# Coward



## sjwrightauthor (Feb 5, 2012)

Some of you know I bought my first horse back in February. I'm not a complete beginner. I've taken a lot of lessons and leased a few horses in the past. I've ridden Mission (my Rocky gelding) a total of four times since I got him.

The last time I rode was Wednesday. We didn't really have any problems other than we were in the round pen, he fought me a little on the left turns and he takes several steps after I ask him to stop. He flexes to both sides very well and will yield his hindquarters.

I thought that I might need a more severe bit, but was afraid to change him out of the plain O-ring snaffle. It looks like they actually used a sweet iron wonder gag bit on him at the place where I bought him, so I went and bought one of those. I thought he might respond a bit better to going left and coming to a halt.

Once I got it attached to the bridle, I realized that it wasn't going to work with the headstall I have because he has a small head and this new bit adds a bit of length. Ugh. I was already pushing it with the O-ring snaffle as far as length.

What I guess I should have done is put the O-ring back on and just got on and ridden him out into the paddock by the barn. I even had his saddle on and the girth tightened up.

I lost my nerve again. There was nobody out there with me, which probably makes a big difference. But I just couldn't do it. I ended up braiding his mane, unsaddling him and putting him away. What the hell is wrong with me? It's a gorgeous day outside. He did great with the lunging before I saddled him up. I know how to do a one-rein stop in case he gets a little out of hand (which isn't likely).

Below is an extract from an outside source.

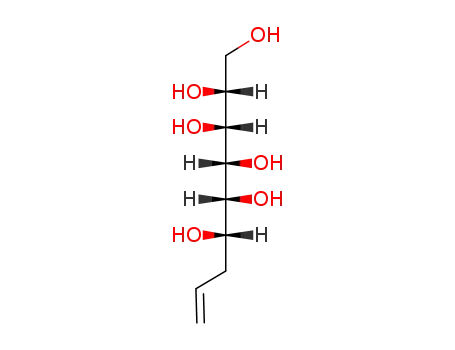 (2R,3R,4R,5R,6S)-non-8-ene-1,2,3,4,5,6-hexaol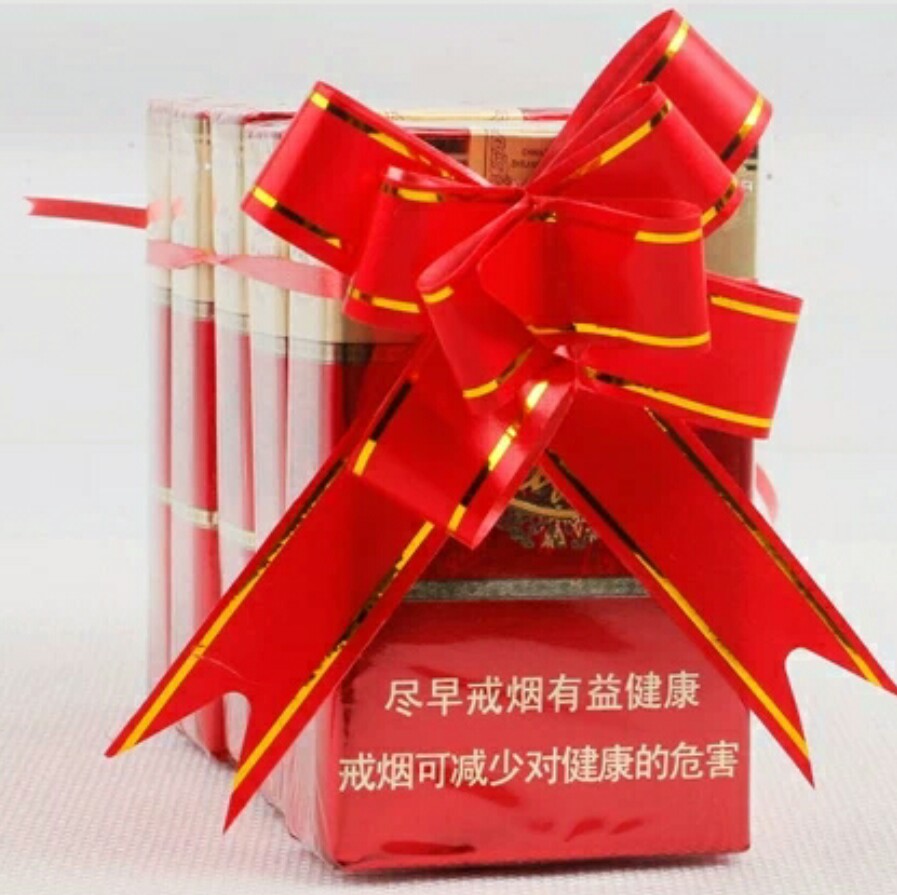 结婚婚礼拉花蝴蝶结婚庆用品手拉花礼品汽车婚车装饰拉花彩带丝i.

It just feels like such a horrible joke that my husband finally agreed to spend the money for such a great horse and now I don't have the guts to actually ride him!  :-(


----------



## cowboy bowhunter (Mar 15, 2012)

Time time time time time. 
I have horses where if they sit for a month they need time, and dont ride the way they did when i was riding them everyday. 
What i would do is stay in the round pen for a while. Work him going around, across the pen, do some figure 8s in there. Just ride your horse. The not stopping could be lack of riding and it may come back with time. When you stop back him up a few steps. Then he should expect to start backing up and stop harder.


----------



## franknbeans (Jun 7, 2007)

Totally agree. In fact, I have Clinton Andersons dvd's-regaining lost confidence, which I have actually sent to a friend to see if they will help her. he spends LOTS of time just in the round pen, getting really comfortable with your horse. Make sure you are solid in your gaits and control before you leave there. Build your confidence there. I used to practice all sort of exercises to get my horse soft and supple and really listening to me-winding down (making circles smaller) then winding out....without using your reins. Try using just your legs to control your horse. It is a great exercise and does help confidence. When you get it at a walk-speed up. It is much harder than you would think. You can also teach your horse to stop without your reins. Personally I hate to go up in bits. Learn to make your horse more responsive to you. You can never out pull a horse. I don't care what bit you use.


----------



## cowboy bowhunter (Mar 15, 2012)

Before you switch bits go to the training section and read the sticky at the top about will your horse repond to the bit? It helps and it may help you learn about softness which is great in a horse.


----------



## boots (Jan 16, 2012)

Don't give up and you don't need to be too hard on yourself. Sometimes being scared just shows good sense. 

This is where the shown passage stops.